:: Information given
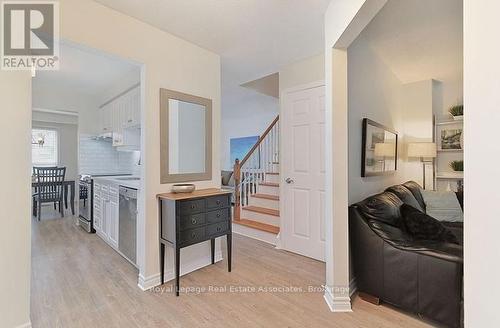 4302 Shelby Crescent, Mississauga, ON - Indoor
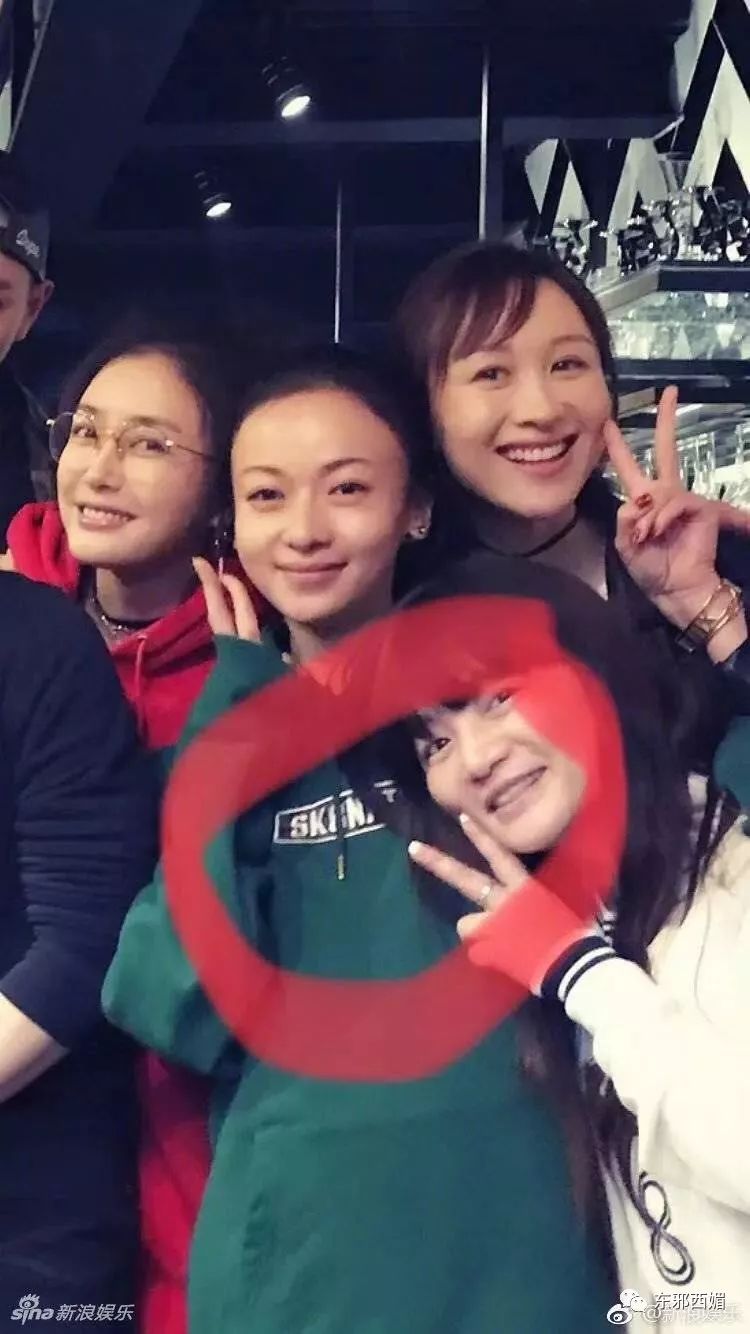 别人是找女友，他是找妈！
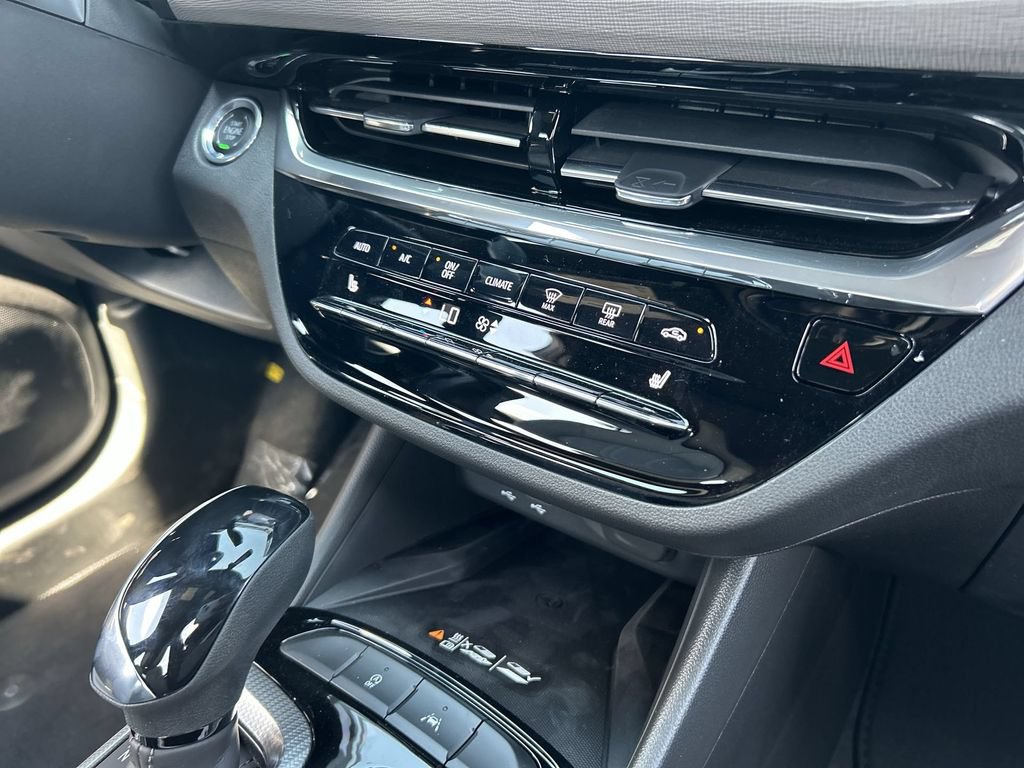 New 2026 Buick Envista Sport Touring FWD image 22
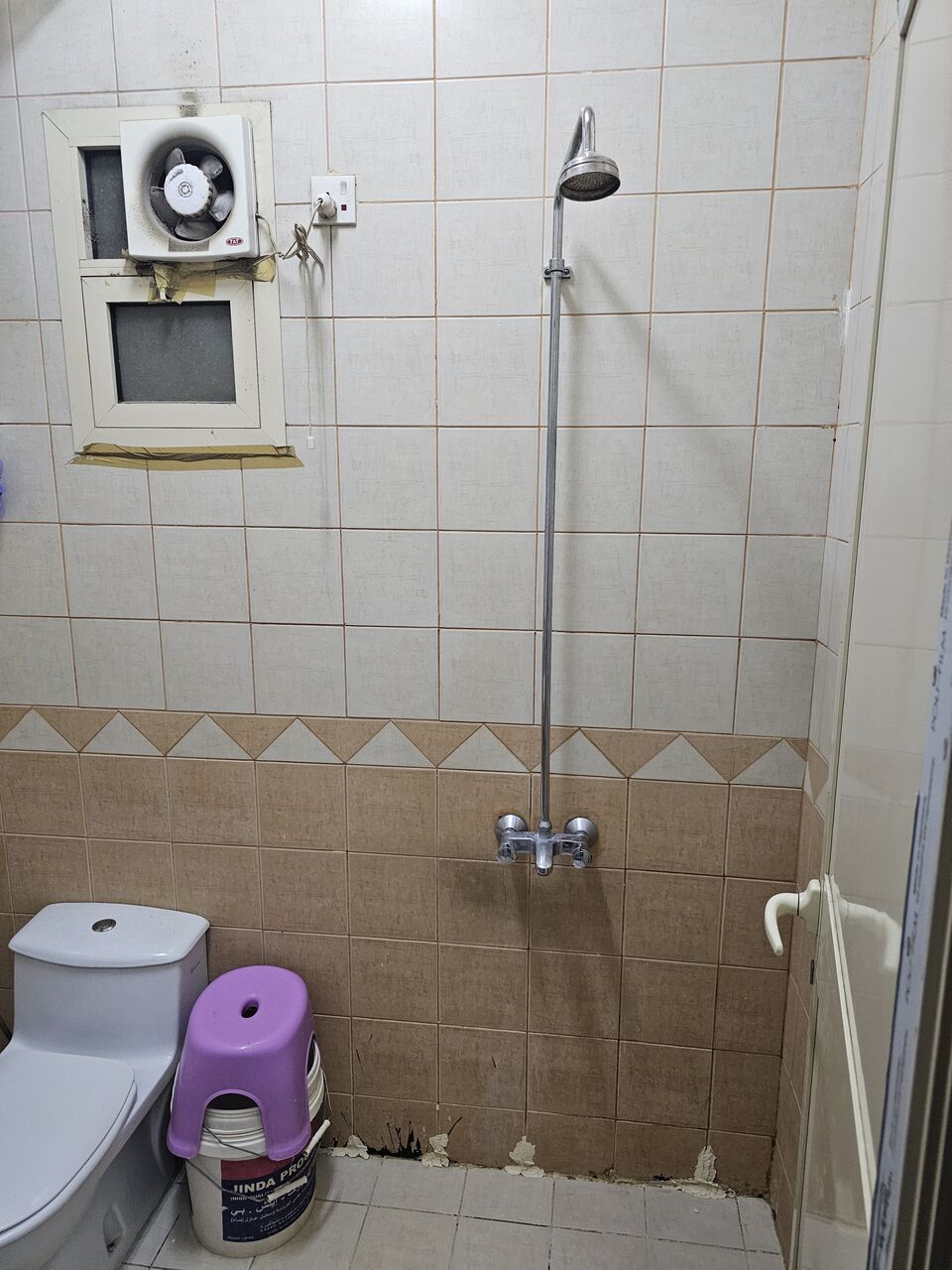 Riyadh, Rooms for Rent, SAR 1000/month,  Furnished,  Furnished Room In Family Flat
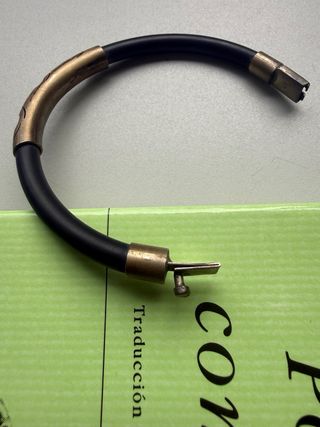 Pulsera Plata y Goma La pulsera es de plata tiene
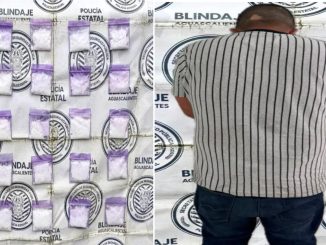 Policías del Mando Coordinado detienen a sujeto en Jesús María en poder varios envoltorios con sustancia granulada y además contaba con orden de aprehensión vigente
::::
- _Activity_
Without the pictures, retype exactly the lines from the one that holds "Pulsera Plata y" to the last line of the data above, both of them included.

- _Result of the exercise_
 Pulsera Plata y Goma La pulsera es de plata tiene
 Policías del Mando Coordinado detienen a sujeto en Jesús María en poder varios envoltorios con sustancia granulada y además contaba con orden de aprehensión vigente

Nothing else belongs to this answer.